I was charmed, I was moved, and I was proven wrong. I had been groaning all day about how the festival reduces music to pure commodity, about how bad of a time I was having, but this was living and completely relevant, and I snapped out of it. There was an awkward post-show exchange – I exaggerate, but essentially it was this one:

“Yeah, I play in a band too, maybe you’ve heard of us”…”No, not really” … “Oh, ok, well it’s funny that we live in the bay area and we meet here” … “Yeah, totally man… catch you later.”

This is not to say that they were distant or unkind, it’s just the way these things happen at SXSW. I think they played about 8 shows in 4 days. Apparently Jon by random chance hung out with Josiah (Why?’s drummer and percussionist) at a party in El Cerrito a few months ago, but I wouldn’t say we’re tight with them or anything.

Flash back forward to Good Friday, and I’m home with headphones on, kicking back after a half day at work. I’ve decided to finally give a close listen to Alopecia. A few minutes in, I clearly hear Yoni (Why?’s frontman) say “the Friday before Easter was not good.” Huh?
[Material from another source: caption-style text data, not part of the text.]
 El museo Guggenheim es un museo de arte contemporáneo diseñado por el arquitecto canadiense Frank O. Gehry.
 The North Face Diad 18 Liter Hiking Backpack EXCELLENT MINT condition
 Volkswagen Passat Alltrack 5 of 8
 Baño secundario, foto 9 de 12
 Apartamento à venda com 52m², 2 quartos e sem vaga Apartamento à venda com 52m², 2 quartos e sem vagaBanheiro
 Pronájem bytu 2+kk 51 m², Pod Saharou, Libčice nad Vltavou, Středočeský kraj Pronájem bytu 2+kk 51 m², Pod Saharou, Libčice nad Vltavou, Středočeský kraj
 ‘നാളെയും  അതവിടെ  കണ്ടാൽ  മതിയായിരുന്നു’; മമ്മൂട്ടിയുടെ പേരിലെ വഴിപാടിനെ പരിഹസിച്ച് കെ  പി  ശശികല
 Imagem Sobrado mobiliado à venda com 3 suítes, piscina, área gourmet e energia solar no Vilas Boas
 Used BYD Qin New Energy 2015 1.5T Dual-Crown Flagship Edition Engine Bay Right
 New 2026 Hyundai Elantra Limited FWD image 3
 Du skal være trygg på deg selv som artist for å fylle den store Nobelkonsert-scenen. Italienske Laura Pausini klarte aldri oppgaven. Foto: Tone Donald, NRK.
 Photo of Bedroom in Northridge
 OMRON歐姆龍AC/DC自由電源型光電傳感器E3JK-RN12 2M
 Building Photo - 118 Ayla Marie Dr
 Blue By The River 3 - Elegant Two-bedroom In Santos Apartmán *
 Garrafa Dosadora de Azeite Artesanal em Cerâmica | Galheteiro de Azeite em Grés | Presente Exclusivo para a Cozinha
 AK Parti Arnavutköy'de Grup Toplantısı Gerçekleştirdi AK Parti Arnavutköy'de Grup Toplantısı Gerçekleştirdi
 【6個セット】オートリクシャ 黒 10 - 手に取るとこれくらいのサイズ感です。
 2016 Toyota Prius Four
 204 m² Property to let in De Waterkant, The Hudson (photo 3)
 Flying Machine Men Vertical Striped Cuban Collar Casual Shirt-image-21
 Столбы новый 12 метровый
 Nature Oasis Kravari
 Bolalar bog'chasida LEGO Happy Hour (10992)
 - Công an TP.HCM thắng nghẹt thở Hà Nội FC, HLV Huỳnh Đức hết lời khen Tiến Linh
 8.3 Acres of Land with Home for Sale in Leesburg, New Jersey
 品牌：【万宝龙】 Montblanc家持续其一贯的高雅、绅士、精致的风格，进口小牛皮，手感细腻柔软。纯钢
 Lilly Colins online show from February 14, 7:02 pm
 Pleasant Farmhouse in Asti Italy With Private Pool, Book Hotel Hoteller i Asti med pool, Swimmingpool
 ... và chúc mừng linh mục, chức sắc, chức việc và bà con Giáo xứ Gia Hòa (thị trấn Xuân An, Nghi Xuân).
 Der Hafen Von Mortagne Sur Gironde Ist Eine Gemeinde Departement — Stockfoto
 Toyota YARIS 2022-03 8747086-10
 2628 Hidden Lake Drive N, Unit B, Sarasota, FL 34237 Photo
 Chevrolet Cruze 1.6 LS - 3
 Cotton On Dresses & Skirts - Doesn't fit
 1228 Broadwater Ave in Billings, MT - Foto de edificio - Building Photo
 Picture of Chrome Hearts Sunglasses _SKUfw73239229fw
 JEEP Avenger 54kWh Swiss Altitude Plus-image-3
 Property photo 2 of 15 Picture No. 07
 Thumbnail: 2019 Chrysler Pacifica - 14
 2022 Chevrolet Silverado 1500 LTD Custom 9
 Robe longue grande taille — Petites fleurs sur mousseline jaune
That’s today . . . weird. . . oh well, strange coincidence . . . Anyway, since I’m home early, I take the opportunity to do some laundry. Hit pause, and I walk to the Fairmount St. side of the building where the laundry room is. I drop some coins in the machine, press start, and head back to my house to dive back into the record.

Soon I reach the melody that had been stuck in my head earlier, which is in “Song of the Sad Assassin.” I swear I’m not making this up!

“alone, putting three coins into a washing machine, under the caulked, cracked wall, in a basement on Fairmount Street…”

– Rewind. Did I hear that correctly? Yes, he’s actually saying that.

Consider my mind blown.

As I listen I can imagine Yoni jotting down lyrics on a day much like this, in this very same place Payam and I lived and worked on our album every night for months, and this becomes a key for unlocking everything else. Maybe that makes me simple-minded? All of the fucked up sexuality, all of the strange references to bodies and illness, all of the identity paranoia, the “great unutterable joke,” I’m with them. Even as “Song of the Sad Assassin” enters the stratosphere and Yoni is stuttering about film loops of Lee Harvey Oswald and Jack Ruby, and then Billy the Kid, it all makes sense. It’s in the words, it’s in the delivery, and I’m hearing it in every instrument. I just get it, and the album becomes impervious to dissection in the way that all of my most beloved albums always have been.

For better or for worse, that means this isn’t criticism.

I always tell people I don’t have favorites and that ‘best-of’ lists frustrate me, and that’s usually the truth, but not this year. Alopecia is my favorite record of 2008.